During training, the teacher helps the player improve. But during the match, only the player acts. This is useful because the robot learns with precise help in simulation, while still being able to work with imperfect data in the real world.

This is one of the technical choices that prevents Ace from being good only inside a simulator.

How Ace decides its movement

During a rally, Ace queries its control policy every 32 milliseconds, or 31.25 times per second. Each time, the system receives the state of the ball, the state of the robot, and the recent history of measurements. It then produces an action.

But this action is not sent directly to the motor as a raw command.

It is transformed into a short trajectory lasting 32 milliseconds. Then, another system checks that the movement is feasible and does not cause a collision with the table or with the robot itself.

If the movement is considered dangerous, Ace executes a fallback trajectory, called a reset trajectory. The system therefore needs to be both fast and safe.

Hardware: the robot’s body matters as much as the AI

Ace would be nothing without its mechanical body. The robot was designed with eight degrees of freedom: two prismatic joints and six rotary joints.

A degree of freedom is an independent way of moving. The more degrees of freedom a robot has, the more varied movements it can produce.

The researchers explain that this configuration is the minimum needed to play competitive shots: controlling the position of the racket, its orientation, as well as the speed and direction of the hit.

Ace was designed to play over a real table area. Its arm can therefore reach the zones that a professional player uses during a rally.

But the robot also has to move at the right moment. Its motors are synchronized every millisecond, and even when it moves fast, the delay between the command and the actual movement remains below 5 milliseconds.

The AI can therefore choose the right shot, and the robot’s body can execute it almost immediately.

Results: Ace is strong, but still far from unbeatable

The tests took place in April 2025. Ace faced five players with more than ten years of training, then two professional players from Japan’s T.League.

The matches were played with official balls, an Olympic-sized playing area on the human player’s side, and without major simplifications of the usual rules.

Ace won three out of five matches against the high-level players. It lost both matches against the professionals.

What is interesting is how Ace wins. Humans mainly score with fast shots and heavy spin. Ace, on the other hand, wins more through consistency. It keeps a return rate above 75% up to 450 radians per second of rotation.

So Ace is not just a machine that hits hard. It is a machine that reads, controls, and returns the ball with impressive consistency.

What Ace teaches us about physical AI

Ace highlights a fundamental difference between digital AI and physical AI.

In a video game or a board game, AI receives a clean state: piece positions, score, fixed rules. In the real world, the state is always uncertain. Sensors have noise. Objects slide, spin, and bounce. Humans change strategy. Computation time is limited.

This makes table tennis an interesting benchmark, because it forces the system to solve several problems at once:

fast perception
physical prediction
decision-making
motor control
opponent adaptation

The article concludes that the techniques used for Ace could apply to other areas where robots need to interact quickly and precisely with humans, such as service robotics or industrial production.
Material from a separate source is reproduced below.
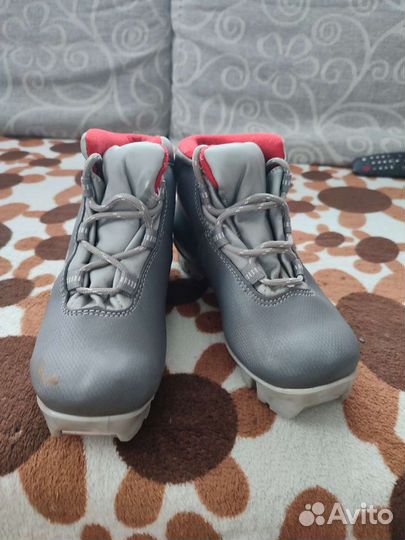 Лыжные ботинки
If a robot can react to a fast and unpredictable ball, it can also make progress in industrial environments that constantly change.

Ace’s current limitations

Unlike Go or chess, robots still cannot beat the best players in the world at table tennis.

Ace also remains a specialized system. It plays in an instrumented environment, with several cameras installed around the playing area and a robot designed specifically for this task.

The article highlights one last important challenge: modeling human behavior. To win a match, returning the ball is not enough. The robot has to understand the opponent’s game, vary its shots, anticipate choices, and exploit weaknesses.

That may be the next step: creating a robot capable of building real strategies.